*Extracted entries*
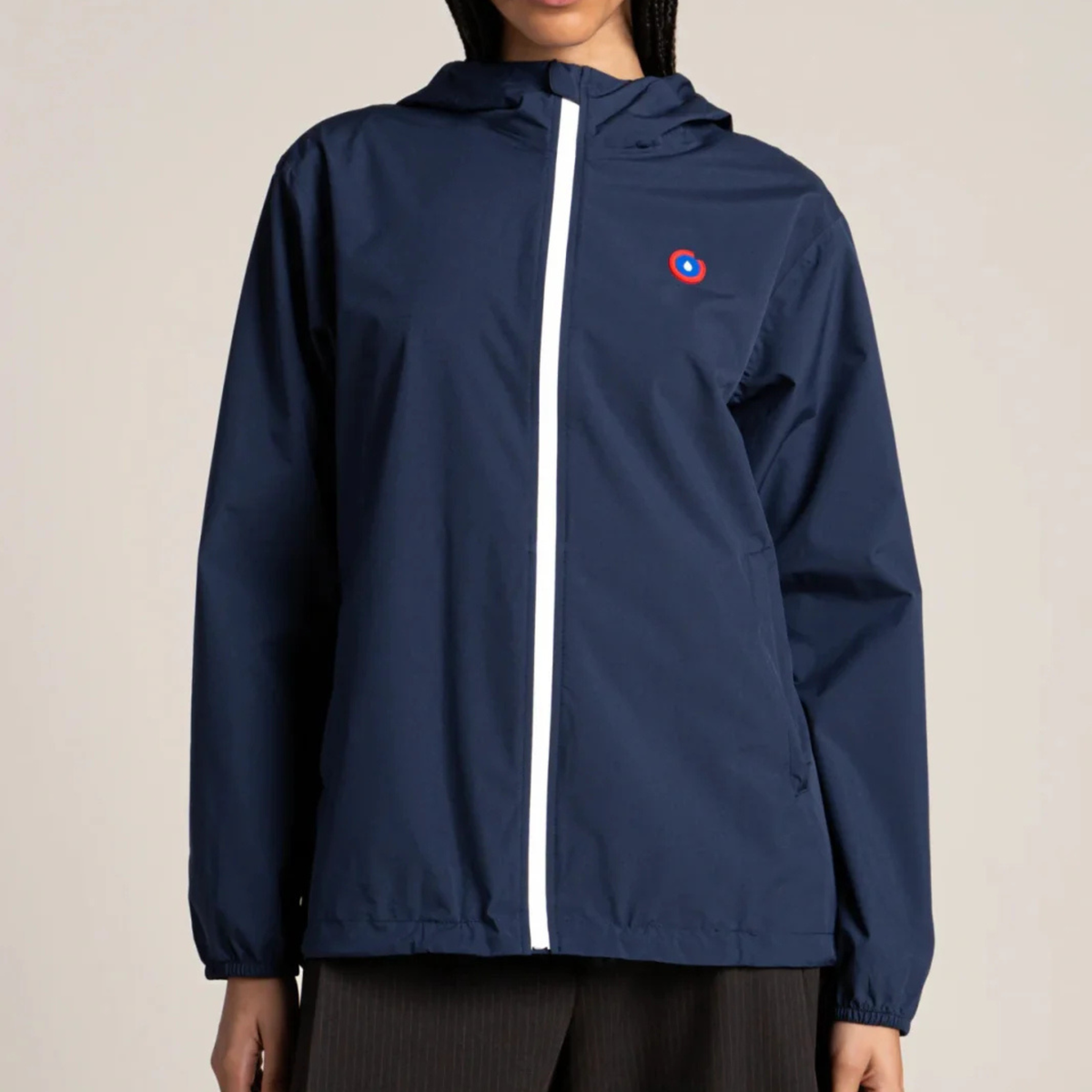 Imperméable court Passy - Indigo
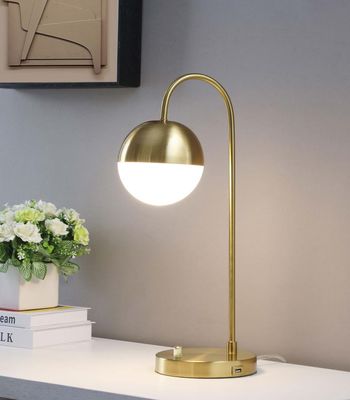 SPHERICAL TABLE LAMP GOLD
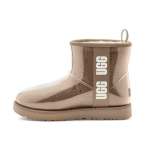 UGG Classic Clear Mini Didelis logotipas Fleece pamu&scaron;alas '' Moteri&scaron;ki (Unisex) Sniego batai 1113190 NCHS 37.0 brown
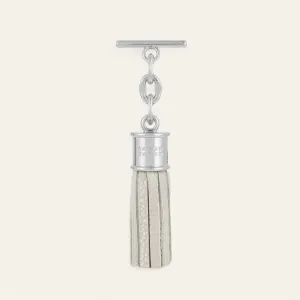 Capsule Tassel Mini | Porcelain with Silver hardware
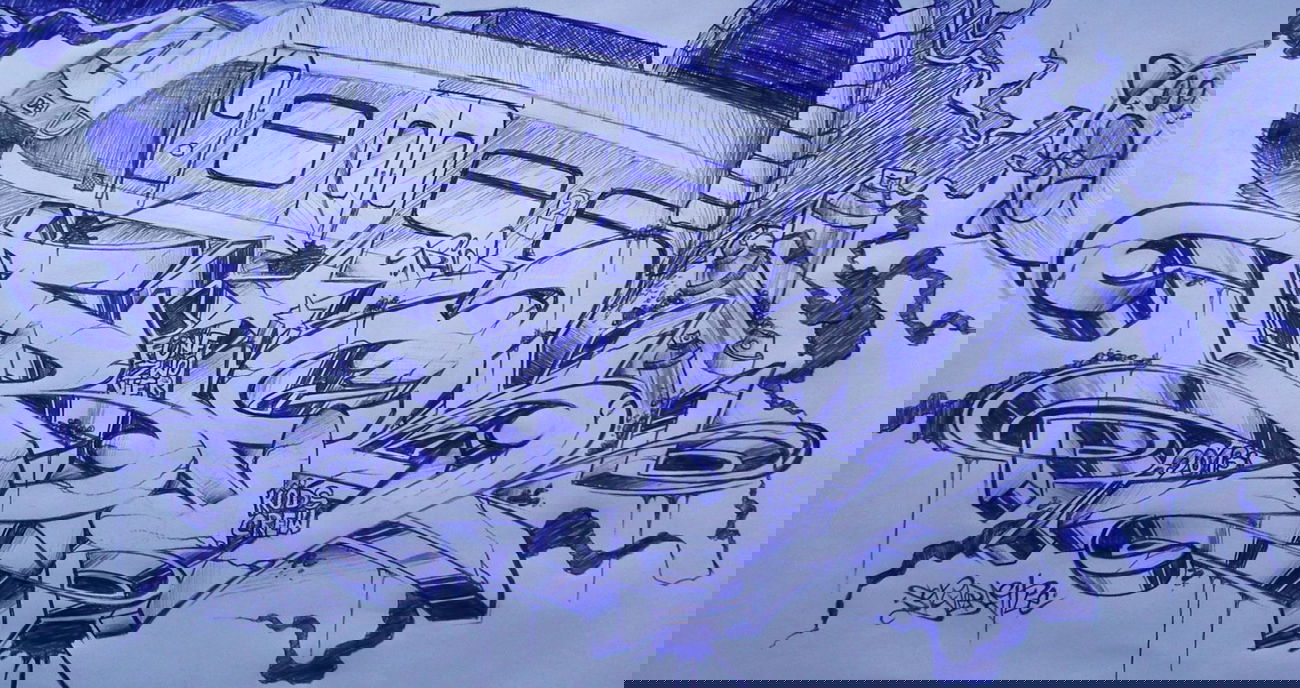 Graffiti Sketch - Photo by Reka - 5zwo4, köds, reka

*Action item*
None of the pictures should be kept; reproduce all the remaining material exactly.

*Written answer*
 Imperméable court Passy - Indigo
 SPHERICAL TABLE LAMP GOLD
 UGG Classic Clear Mini Didelis logotipas Fleece pamu&scaron;alas '' Moteri&scaron;ki (Unisex) Sniego batai 1113190 NCHS 37.0 brown
 Capsule Tassel Mini | Porcelain with Silver hardware
 Graffiti Sketch - Photo by Reka - 5zwo4, köds, reka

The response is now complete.